Task statement:
Please write out the entire listing below exactly, excluding its pictures.

Record set:

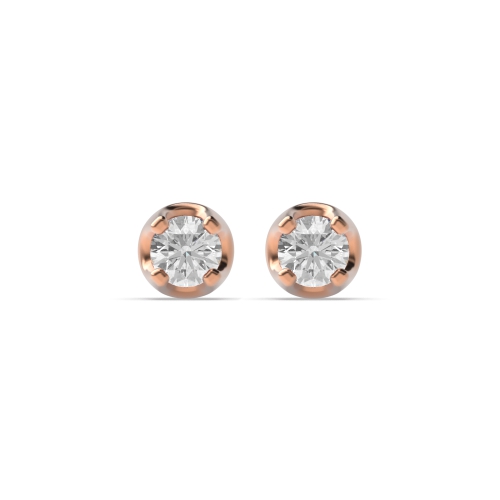 4 Prong Round Rose Gold Chunky Stud Diamond Earrings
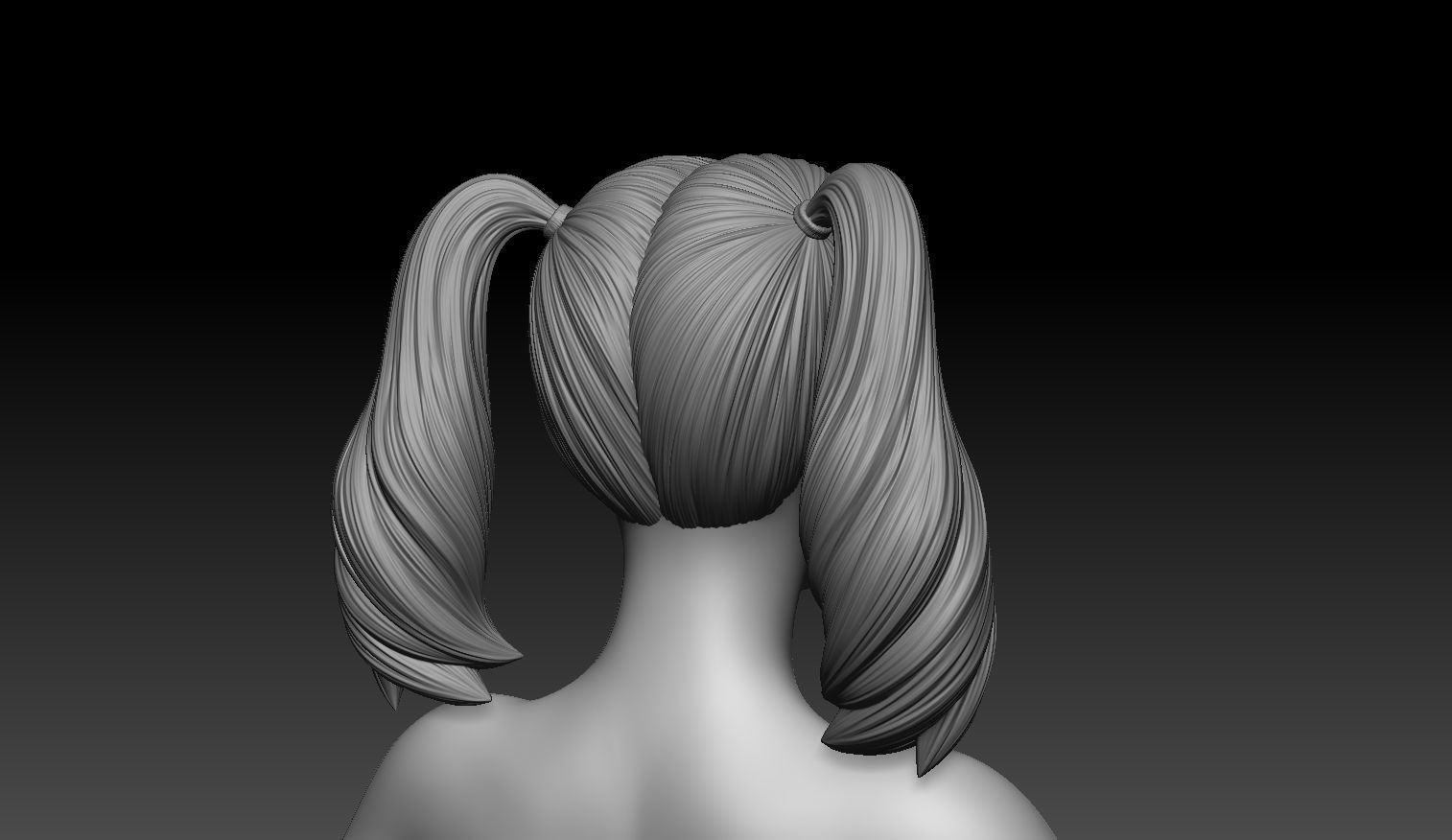 Female Hair Model A03 3D model_1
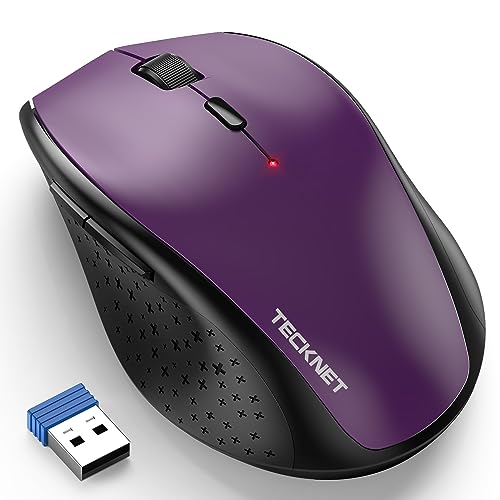 TeckNet M002 2.4G Nano Cordless Optical Mouse - 18 Month Battery Life - Battery Level Indicator - 2.4 GHz -3 Adjustable DPI Levels: 2000/1500/1000dPi - Nano USB wireless receiver - Purple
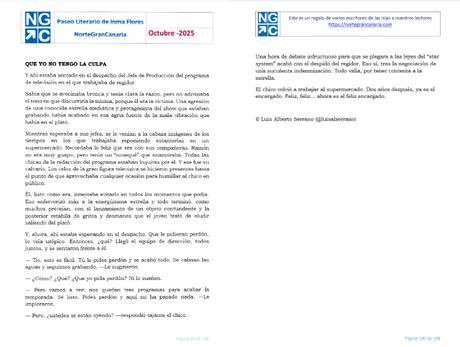 Mi microrrelato «QUE YO NO TENGO LA CULPA» publicado en la antología VERSOS E HISTORIAS DESDE EL CORAZÓN DE CANARIAS.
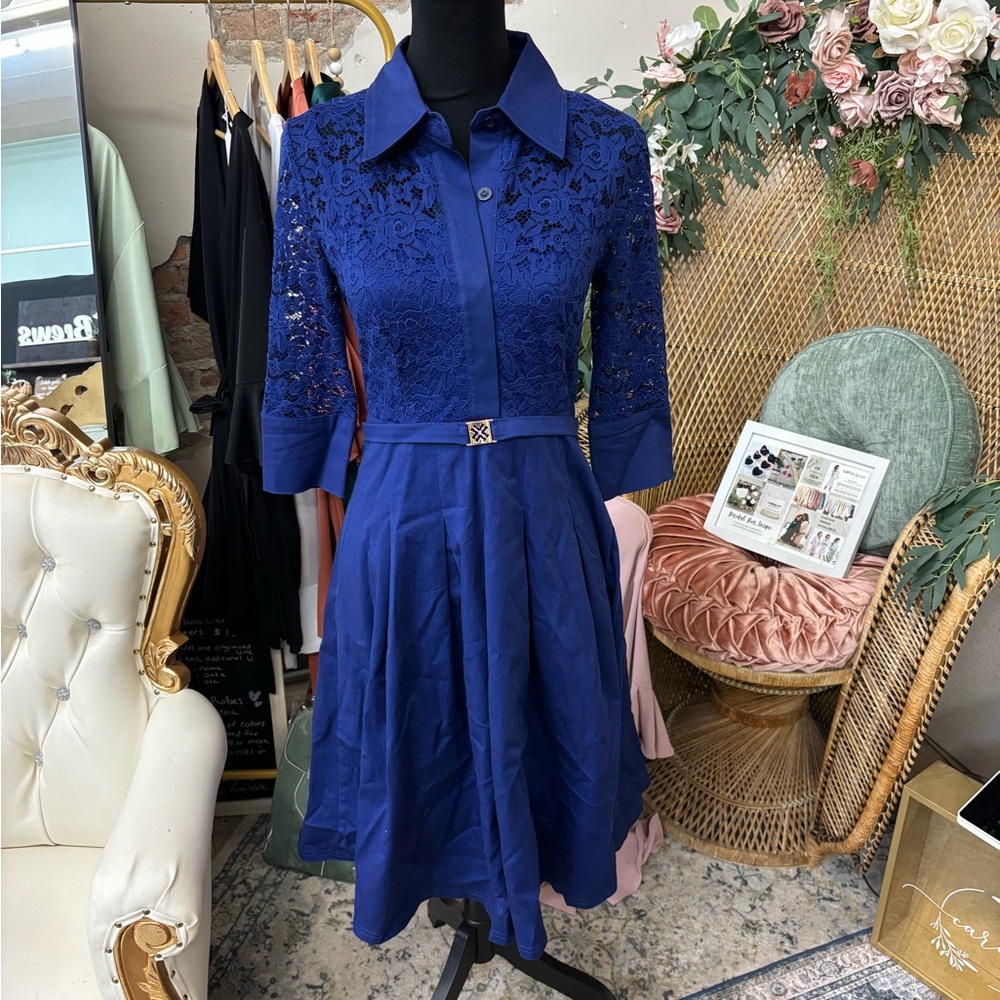 Elegant Blue Lace Dress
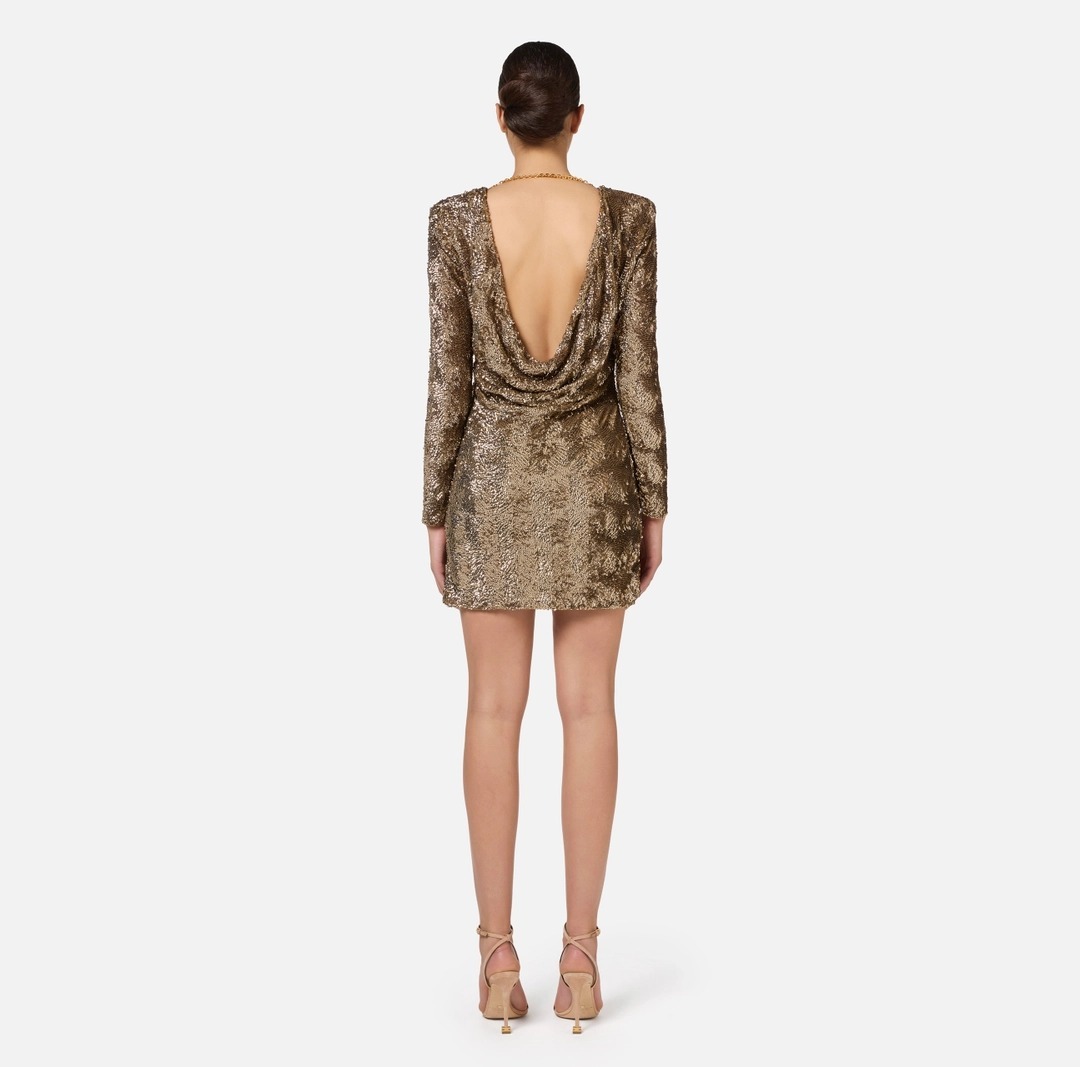 《送料無料》ELISABETTA FRANCHI Boxyminidresstullewithsequins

Response:
 4 Prong Round Rose Gold Chunky Stud Diamond Earrings
 Female Hair Model A03 3D model_1
 TeckNet M002 2.4G Nano Cordless Optical Mouse - 18 Month Battery Life - Battery Level Indicator - 2.4 GHz -3 Adjustable DPI Levels: 2000/1500/1000dPi - Nano USB wireless receiver - Purple
 Mi microrrelato «QUE YO NO TENGO LA CULPA» publicado en la antología VERSOS E HISTORIAS DESDE EL CORAZÓN DE CANARIAS.
 Elegant Blue Lace Dress
 《送料無料》ELISABETTA FRANCHI Boxyminidresstullewithsequins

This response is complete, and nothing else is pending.